Work required
Below is a listing to transcribe in full and exactly; keep the pictures out.

==== Supplied data ====

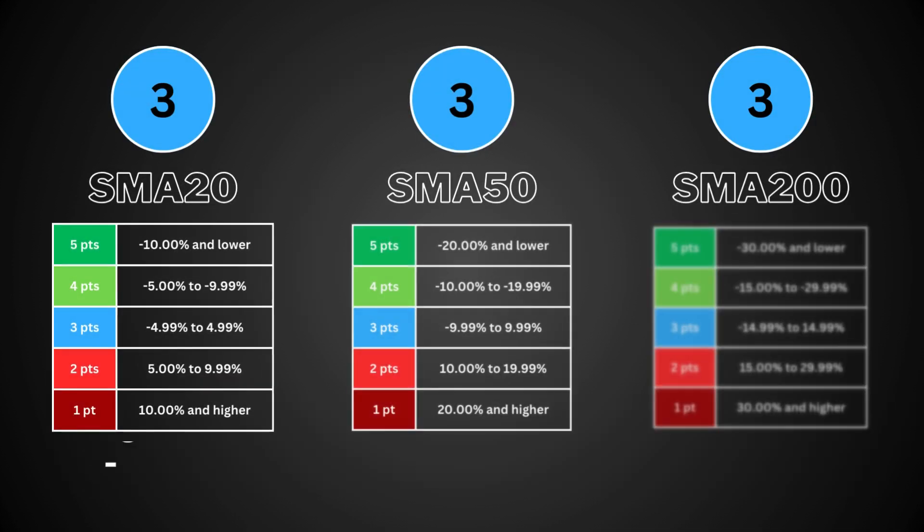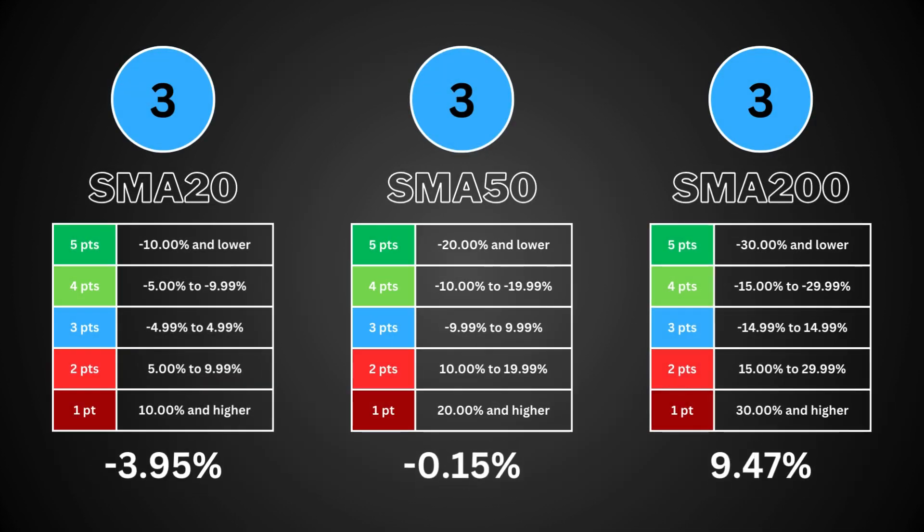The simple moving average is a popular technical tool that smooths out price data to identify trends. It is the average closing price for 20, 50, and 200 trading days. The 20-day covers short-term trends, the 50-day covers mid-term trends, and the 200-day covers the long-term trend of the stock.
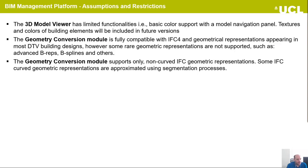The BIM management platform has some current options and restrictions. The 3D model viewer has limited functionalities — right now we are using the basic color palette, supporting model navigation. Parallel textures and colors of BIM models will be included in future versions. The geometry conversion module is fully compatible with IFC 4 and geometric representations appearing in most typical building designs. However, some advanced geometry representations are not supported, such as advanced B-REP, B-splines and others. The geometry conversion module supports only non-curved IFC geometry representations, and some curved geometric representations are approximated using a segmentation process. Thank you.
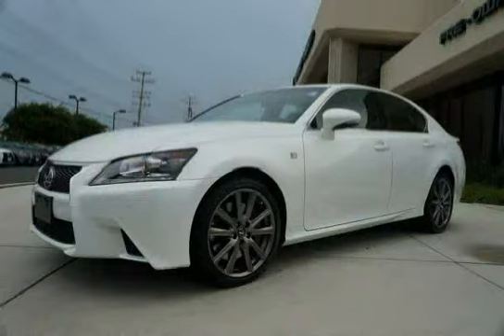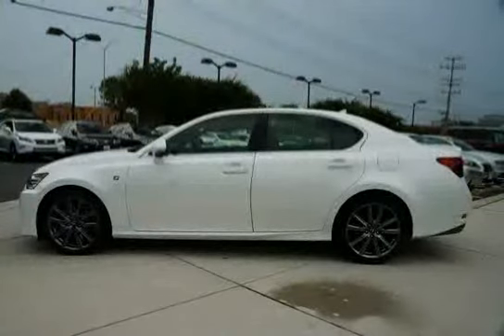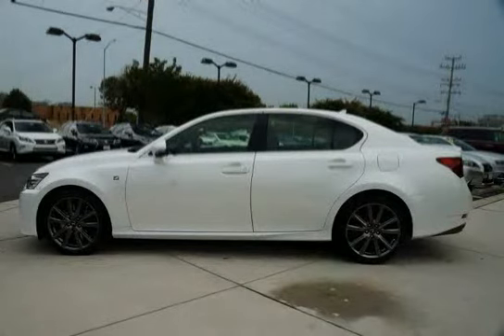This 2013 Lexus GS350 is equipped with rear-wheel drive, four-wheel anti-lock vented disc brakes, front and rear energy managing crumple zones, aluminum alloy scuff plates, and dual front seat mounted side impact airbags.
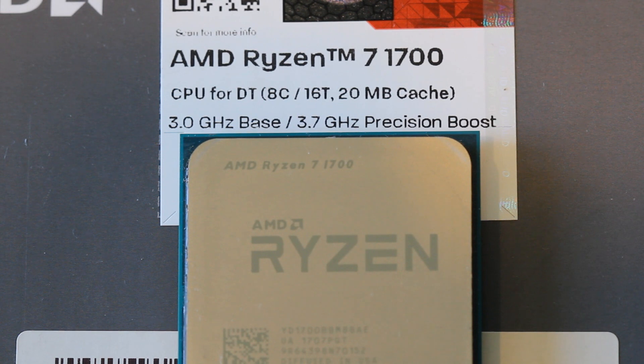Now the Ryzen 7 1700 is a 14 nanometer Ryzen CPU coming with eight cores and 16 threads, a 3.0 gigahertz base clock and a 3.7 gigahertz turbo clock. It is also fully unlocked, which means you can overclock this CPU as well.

====

Finished task
The simple moving average is a popular technical tool that smooths out price data to identify trends. It is the average closing price for 20, 50, and 200 trading days. The 20-day covers short-term trends, the 50-day covers mid-term trends, and the 200-day covers the long-term trend of the stock.
The BIM management platform has some current options and restrictions. The 3D model viewer has limited functionalities — right now we are using the basic color palette, supporting model navigation. Parallel textures and colors of BIM models will be included in future versions. The geometry conversion module is fully compatible with IFC 4 and geometric representations appearing in most typical building designs. However, some advanced geometry representations are not supported, such as advanced B-REP, B-splines and others. The geometry conversion module supports only non-curved IFC geometry representations, and some curved geometric representations are approximated using a segmentation process. Thank you.
This 2013 Lexus GS350 is equipped with rear-wheel drive, four-wheel anti-lock vented disc brakes, front and rear energy managing crumple zones, aluminum alloy scuff plates, and dual front seat mounted side impact airbags.
Now the Ryzen 7 1700 is a 14 nanometer Ryzen CPU coming with eight cores and 16 threads, a 3.0 gigahertz base clock and a 3.7 gigahertz turbo clock. It is also fully unlocked, which means you can overclock this CPU as well.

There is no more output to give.